When Maybe It’s Okay To Say “You’ve Got a Friend”

Between doing loads of laundry…..checking off that college packing list….swiping at those unbidden tears….

I popped the CD on the top of my music stack into the CD player and was taken back 40 years to my one and only year in college.

“You just call out my name, and you know where ever I am I’ll come running to see you again……You’ve got a friend.”

Carole King wrote the soundtrack to my freshman year at a Midwestern university. Whenever I hear those words, I am once again that frightened, pimply-faced teenager with the dream of becoming a journalist and changing the world.
Last week, as I helped our youngest pull his stuff together for the trip south to his Midwestern university, I struggled hard with conflicting emotions over this transition and what it will mean in both our lives. I am excited about what lay ahead for him, so proud of his choice. But at the same time, I’m having maternal angst about his health, his safety, his friendships. Then there’s the flip side of this change in our family. After 20 years of homeschooling, nearly 30 of full-time parenting, my career has ended. Oh, I have plans but I also know there will be more than a few lonely days when I’ll still be listening for this son’s car to pull in the drive, for his footsteps in the bedroom above the kitchen, for his music in the bathroom.
boat-in-water-at-sunset_1881875220In the last few days before the move, we sensed some emotional “moving on”  — a bit of breaking away that needed to happen. It
was time to shove off from the dock, and that last push was a little painful.  The leave-taking of this guy, the last one of four, represents more than sending the baby off to college. This last one has been the standard-bearer for the brothers who have gone before him. As long he was still in our house, when his brothers came home for a visit we were “family.” More than two sets of legs under the kitchen table, more than a pair of dirty glasses in the kitchen sink. Families who start and end with one child may not relate, but when your house has been filled with boy smells for almost as long as you can remember, the sudden absence of that last product of your parenting years is profound.

And still, I wouldn’t have it any other way.

So on this day-after-dropping-him-off, I’m reflecting on words of encouragement shared with me over the past several weeks:
  • From our pastor’s mother: “You’re always a Mom, and you’re only as happy as your saddest child.”
  • From the pulpit: “Home should be a soft place to land.”
  • From a good friend also sending her youngest away to college: “It’s easier when you know they’re happy and where they should be.”
  • From my 26-year-old: “It will be weird for him the first couple of times he comes home, but he’ll get over that.”
  • And from a plaque that hangs on a wall near my desk: “Children are not things to be molded, but persons to be unfolded.”

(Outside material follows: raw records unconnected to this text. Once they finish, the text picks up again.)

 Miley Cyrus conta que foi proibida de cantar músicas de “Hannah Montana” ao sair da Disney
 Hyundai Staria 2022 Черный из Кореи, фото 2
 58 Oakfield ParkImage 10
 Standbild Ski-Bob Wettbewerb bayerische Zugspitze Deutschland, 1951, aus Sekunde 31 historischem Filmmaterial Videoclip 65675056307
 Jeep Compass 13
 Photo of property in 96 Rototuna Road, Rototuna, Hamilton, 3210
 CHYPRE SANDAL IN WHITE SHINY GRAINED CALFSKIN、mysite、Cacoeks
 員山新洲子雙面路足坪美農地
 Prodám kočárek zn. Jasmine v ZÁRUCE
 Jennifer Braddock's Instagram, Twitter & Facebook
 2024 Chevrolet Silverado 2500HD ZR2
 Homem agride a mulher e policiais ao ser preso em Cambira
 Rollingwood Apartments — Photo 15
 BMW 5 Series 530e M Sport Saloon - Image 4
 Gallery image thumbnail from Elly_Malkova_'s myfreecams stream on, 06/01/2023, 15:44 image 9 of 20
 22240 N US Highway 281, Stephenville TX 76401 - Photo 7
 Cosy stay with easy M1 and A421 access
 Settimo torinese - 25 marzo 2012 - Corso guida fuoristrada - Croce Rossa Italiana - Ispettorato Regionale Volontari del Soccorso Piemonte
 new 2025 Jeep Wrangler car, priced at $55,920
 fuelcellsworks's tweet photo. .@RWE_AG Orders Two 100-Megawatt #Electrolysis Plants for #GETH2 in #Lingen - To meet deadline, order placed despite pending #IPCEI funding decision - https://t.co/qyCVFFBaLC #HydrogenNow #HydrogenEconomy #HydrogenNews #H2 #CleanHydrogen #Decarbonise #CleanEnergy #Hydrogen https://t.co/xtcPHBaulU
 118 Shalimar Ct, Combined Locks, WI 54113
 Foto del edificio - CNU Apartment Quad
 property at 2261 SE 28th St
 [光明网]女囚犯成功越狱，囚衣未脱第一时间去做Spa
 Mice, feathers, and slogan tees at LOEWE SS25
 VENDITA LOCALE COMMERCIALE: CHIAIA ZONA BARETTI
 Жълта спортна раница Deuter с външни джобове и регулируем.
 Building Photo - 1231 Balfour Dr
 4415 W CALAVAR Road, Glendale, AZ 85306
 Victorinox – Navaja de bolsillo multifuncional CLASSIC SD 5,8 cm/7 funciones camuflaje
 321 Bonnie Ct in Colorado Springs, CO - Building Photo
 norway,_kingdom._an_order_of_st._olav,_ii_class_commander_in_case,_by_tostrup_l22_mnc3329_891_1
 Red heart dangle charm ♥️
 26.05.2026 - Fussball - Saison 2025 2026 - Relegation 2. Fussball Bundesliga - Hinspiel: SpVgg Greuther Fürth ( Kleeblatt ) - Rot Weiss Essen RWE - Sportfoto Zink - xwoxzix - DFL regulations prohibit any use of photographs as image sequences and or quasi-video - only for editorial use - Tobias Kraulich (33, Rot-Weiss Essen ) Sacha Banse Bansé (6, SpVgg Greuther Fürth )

I have tucked in my Bible a prayer card given to parents at this weekend’s farewell chapel service. I’ll pray it often, and I’ll add this to my prayers….that he’ll come away from his college years with at least one deep friendship and one great truth.

And while I’ll always be his Mom, I think it’s okay — in fact maybe it’s time — to offer a hand of friendship to this man-child of mine.
“Winter, spring, summer or fall
All you have to do is call
And I’ll be there.
You’ve got a friend.”


  1. Brenda L. Yoder

    Beautiful. I love the quote from your pastor’s wife. I can’t wait to see what God is going to do next for both of you. I love you much.

    • Ingrid Lochamire

      Thanks, Brenda. Life IS a journey, isn’t it? Glad we’re on this path together.

  2. DeVonna Allison

    Beautiful, Ingrid. And I LOVE Carole King

    • Ingrid Lochamire

      Thanks, Devonna. No one sings or writes like Carole King. I’d love to see her (and James Taylor) in concert.